◆ What to do ◆
Where the line containing "Фото Лампа люминесцентная" appears in the entries below, begin there and output every line through the last, exactly, minus the pictures.

============================================================

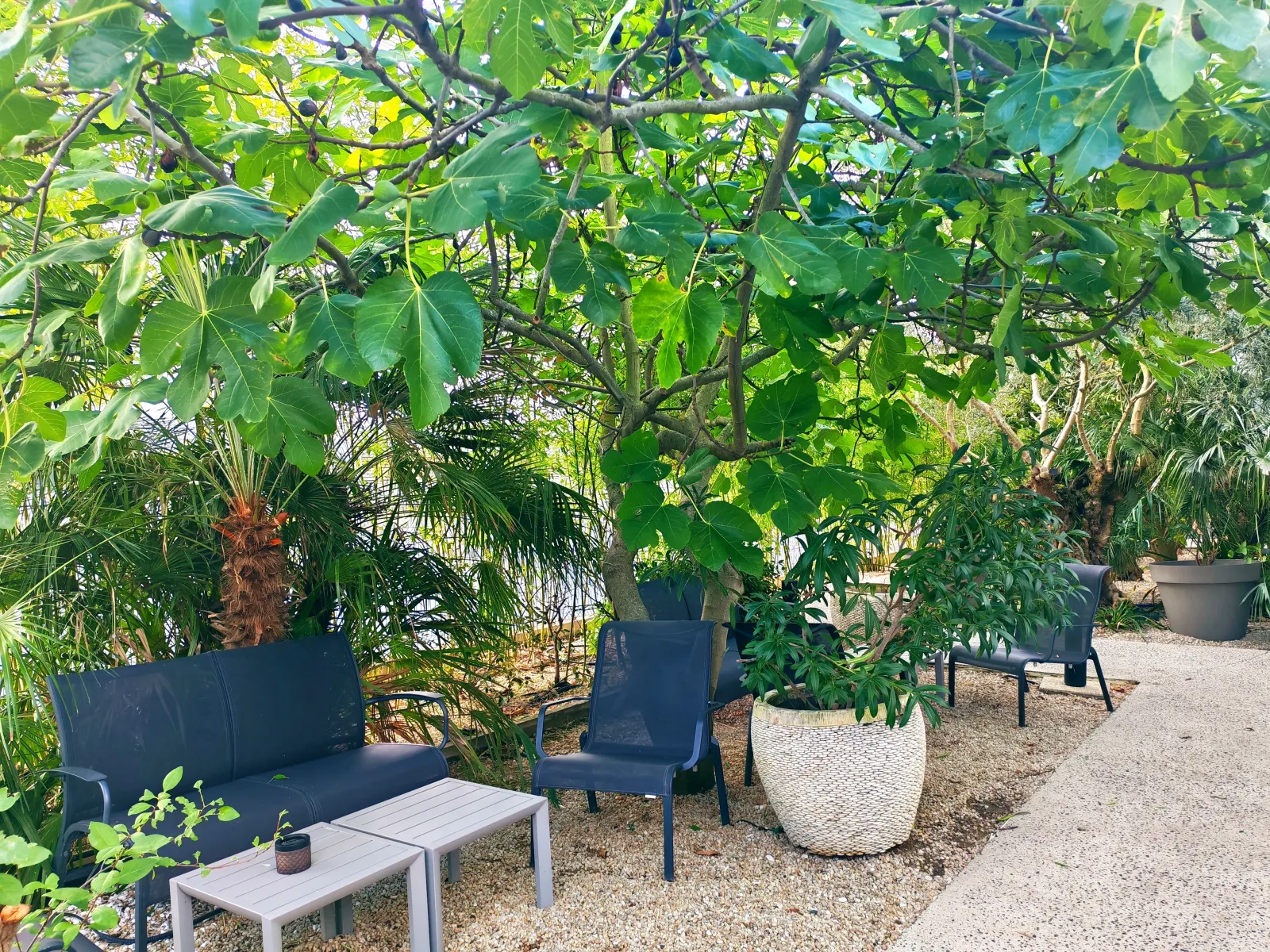 SPA Hôtel Central Park - Massage La Rochelle - SPA Hôtel Central Park - Photo Galerie - OneBooking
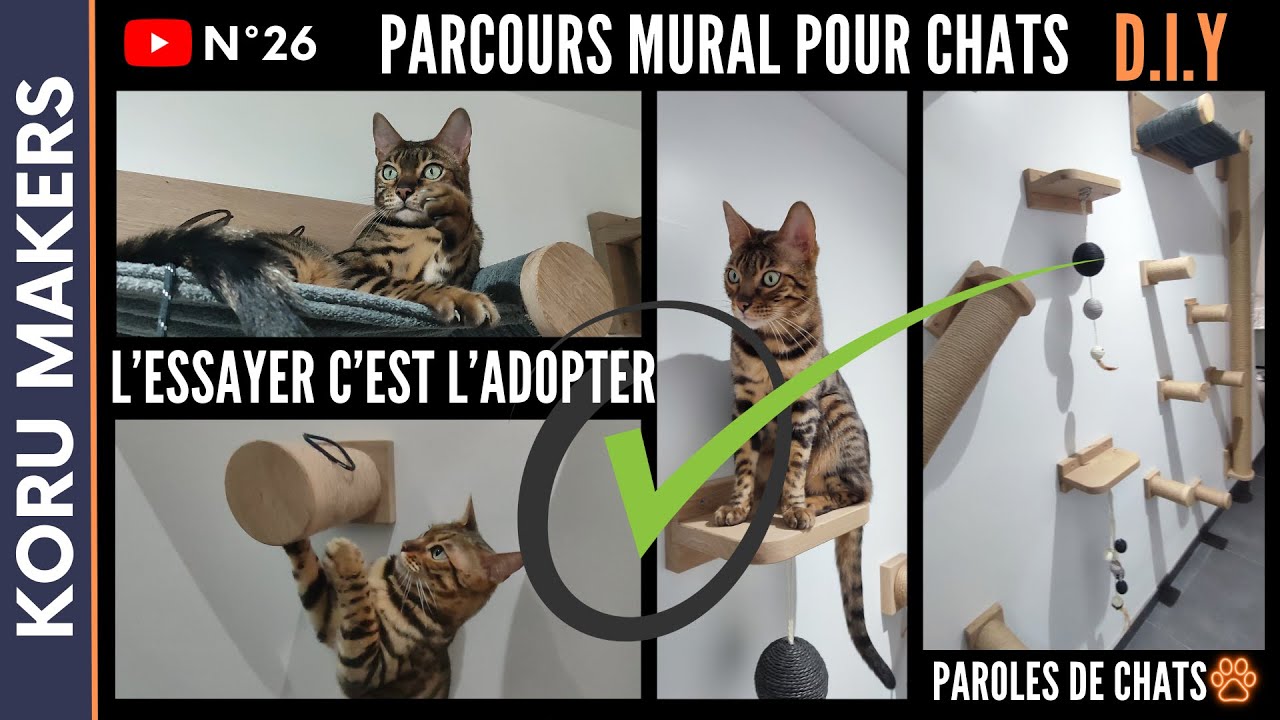 Parcours mural simple pour chats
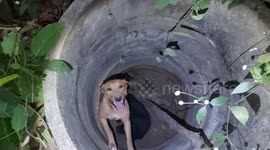 Hero villager climbs down 10ft deep well to rescue dogs stuck inside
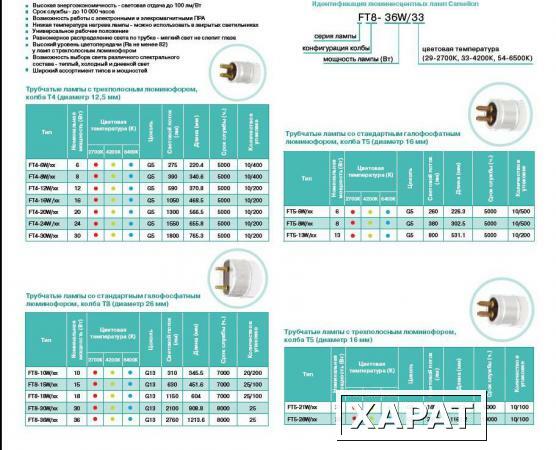 Фото Лампа люминесцентная FT5-6W Ультрафиолетовая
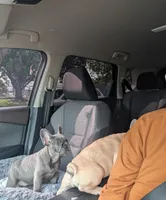 Bloo AKC French Bulldog Puppy DOB 03/29/26, a female French Bulldog for sale in Orlando, FL – 7 of 10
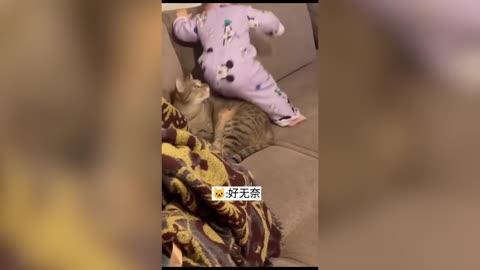 Funny Cats / Dogs - Funny Animal Videos | Try Not To Laugh Animals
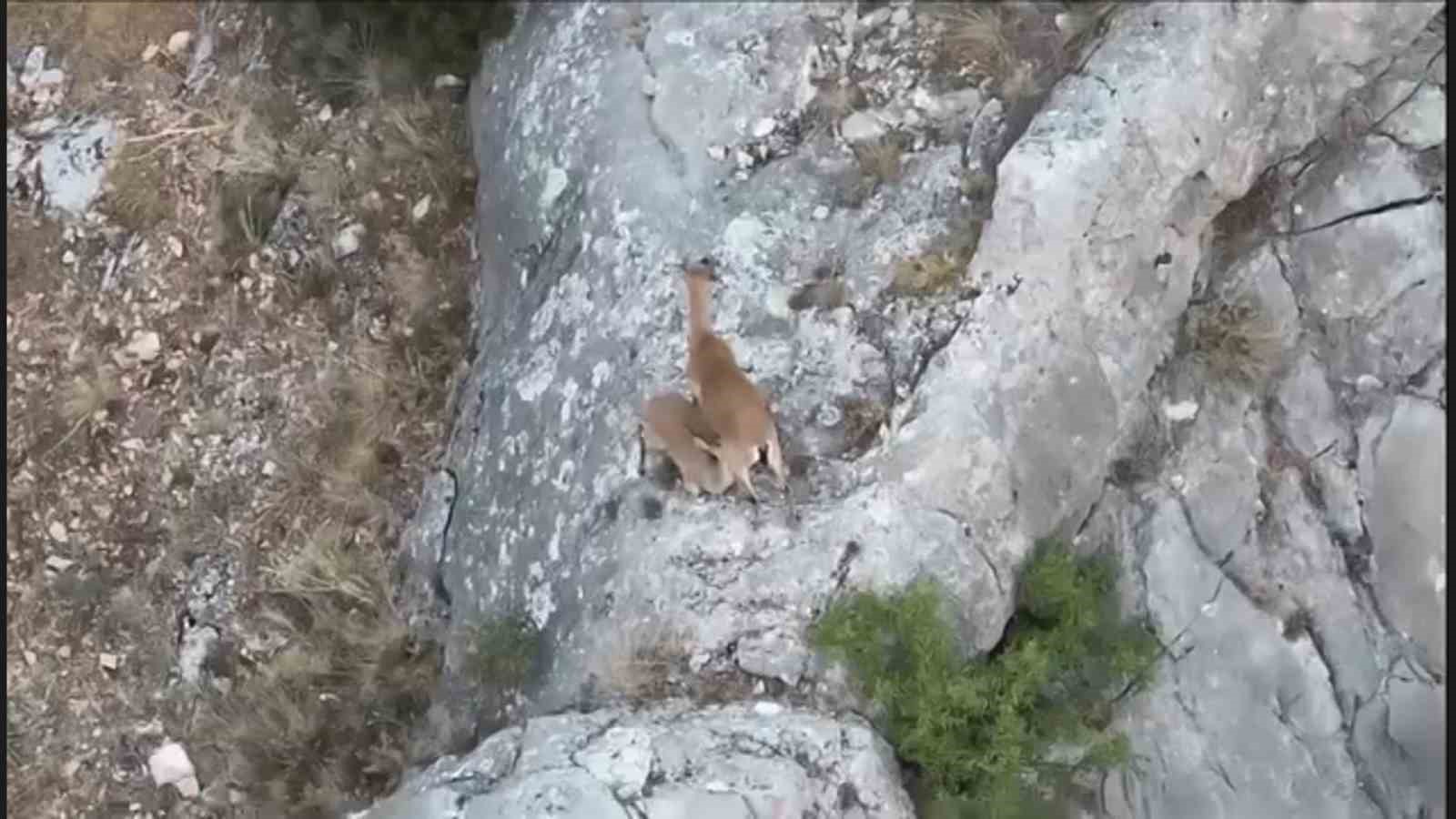 Kazankaya Kanyonu’nda  yaban keçileri ve yavruları dronla görüntülendi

============================================================

◆ Answer to the problem ◆
 Фото Лампа люминесцентная FT5-6W Ультрафиолетовая
 Bloo AKC French Bulldog Puppy DOB 03/29/26, a female French Bulldog for sale in Orlando, FL – 7 of 10
 Funny Cats / Dogs - Funny Animal Videos | Try Not To Laugh Animals
 Kazankaya Kanyonu’nda  yaban keçileri ve yavruları dronla görüntülendi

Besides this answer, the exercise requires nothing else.